■ **Brief**
Starting at the line that contains "Tomas Rosicky và những kỷ lục khó phá", transcribe each line exactly through the end of the data below, and skip any pictures.

---------- Provided records ----------

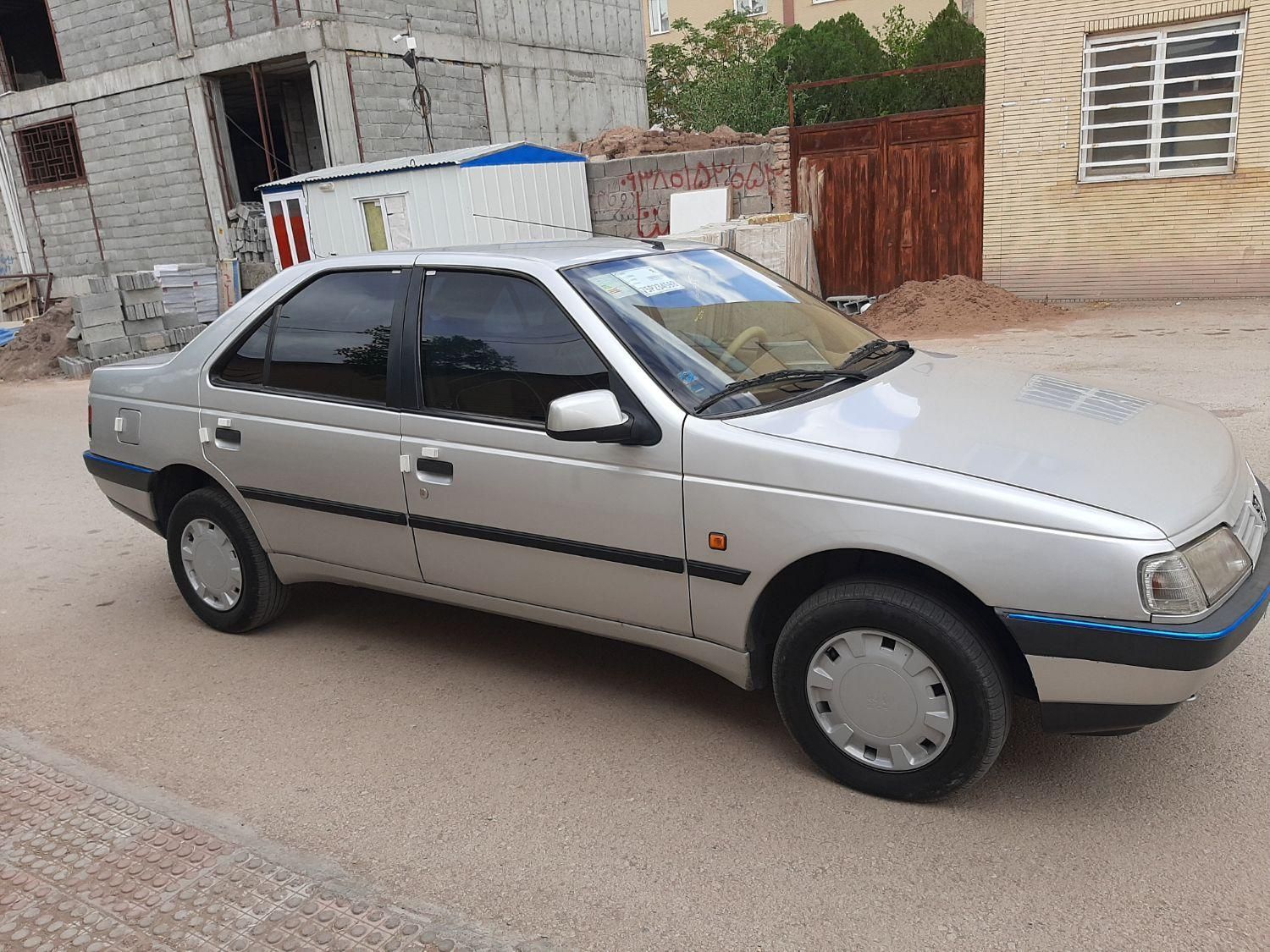 پژو 405 GLX - دوگانه سوز - 1390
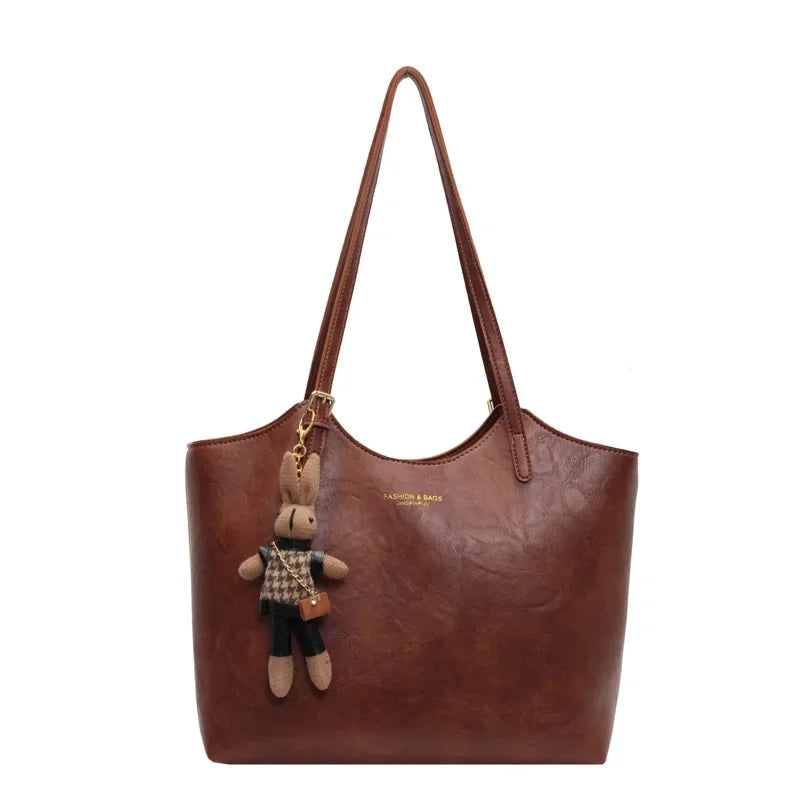 Spacious Women's Carryall Bag with Two Handles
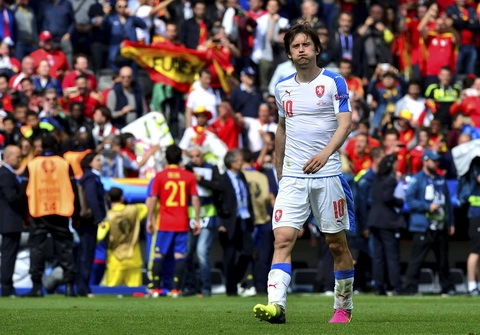 Tomas Rosicky và những kỷ lục khó phá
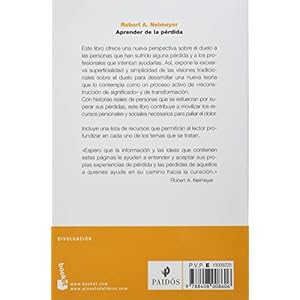 Aprender de la perdida. Una guia para el duelo (Spanish Edition)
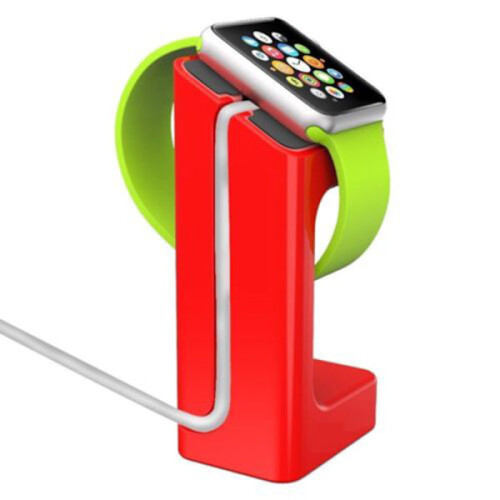 Compatible avec Apple Watch et son support vert, ce support offre une solution fluide et efficace. 2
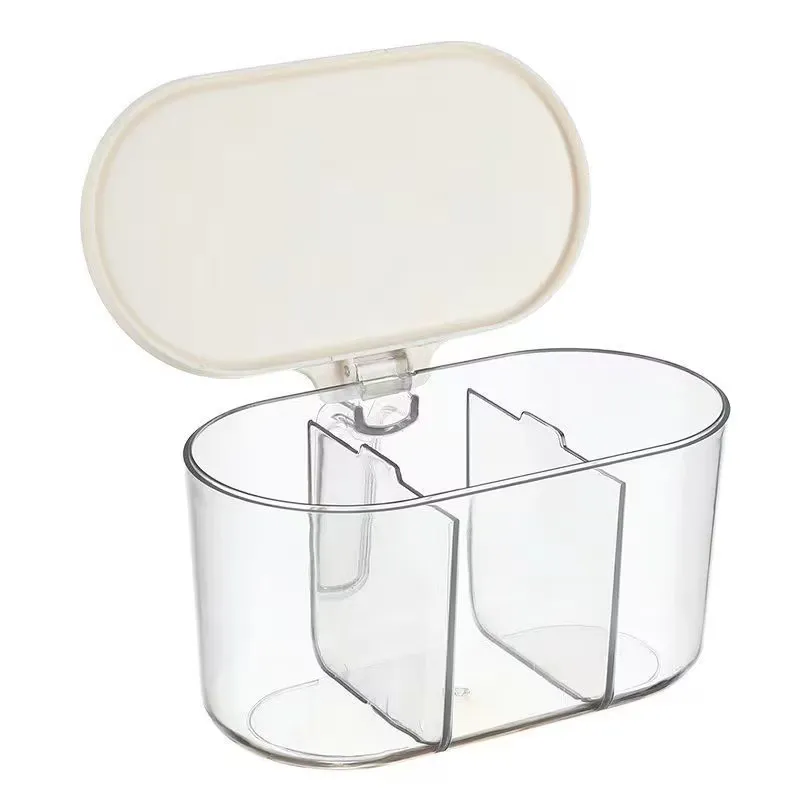 3-Slot Seasoning Storage Box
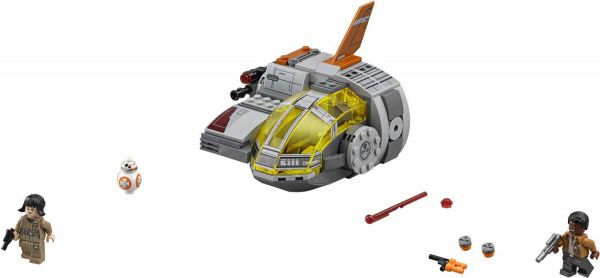 Lego 75176 Star Wars Транспортный корабль Сопротивления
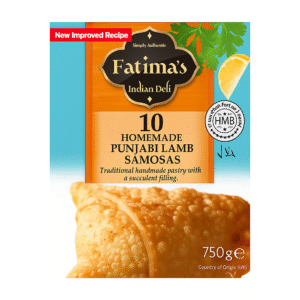 Fatima's 10 Homemade Punjabi Chicken Samosas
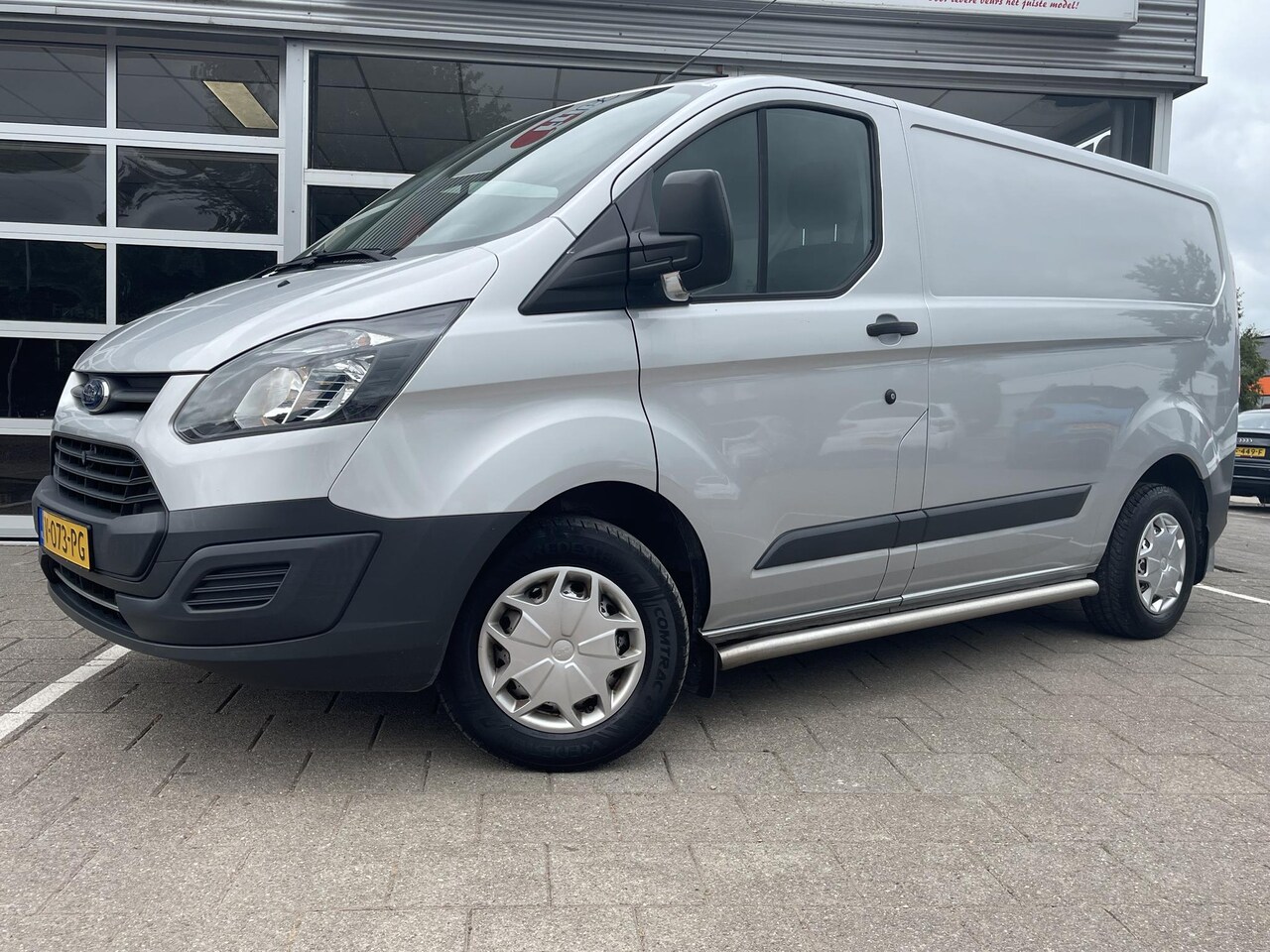 Ford Transit Custom - 270 2.0 TDCI L1H1 Economy Edition 270 2.0 TDCI L1H1 Economy Edition - AutoWereld.nl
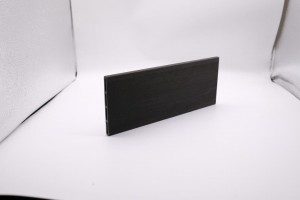 Pannello per recinzione tradizionale da giardino privato con doghe in alluminio B cavo 115X10mm all'ingrosso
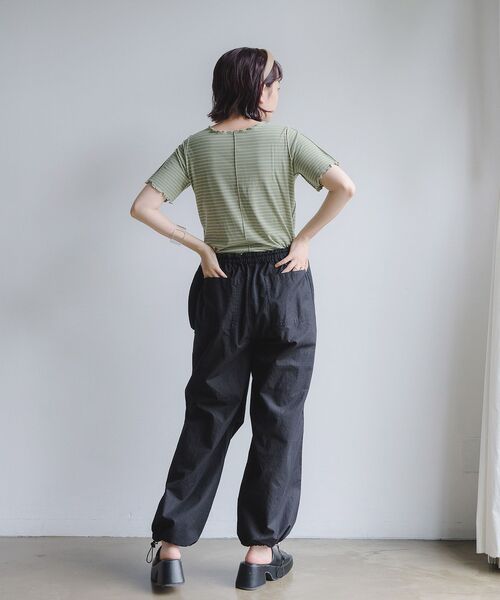 RETRO GIRL（レトロガール）の「２WAYテレコメロウTee（Tシャツ/カットソー・レディース・ホワイト/ブラック/イエロー/グリーン系その他3/ブルー系その他3・FREE）」の17枚目の写真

----------

■ **Final answer**
 Tomas Rosicky và những kỷ lục khó phá
 Aprender de la perdida. Una guia para el duelo (Spanish Edition)
 Compatible avec Apple Watch et son support vert, ce support offre une solution fluide et efficace. 2
 3-Slot Seasoning Storage Box
 Lego 75176 Star Wars Транспортный корабль Сопротивления
 Fatima's 10 Homemade Punjabi Chicken Samosas
 Ford Transit Custom - 270 2.0 TDCI L1H1 Economy Edition 270 2.0 TDCI L1H1 Economy Edition - AutoWereld.nl
 Pannello per recinzione tradizionale da giardino privato con doghe in alluminio B cavo 115X10mm all'ingrosso
 RETRO GIRL（レトロガール）の「２WAYテレコメロウTee（Tシャツ/カットソー・レディース・ホワイト/ブラック/イエロー/グリーン系その他3/ブルー系その他3・FREE）」の17枚目の写真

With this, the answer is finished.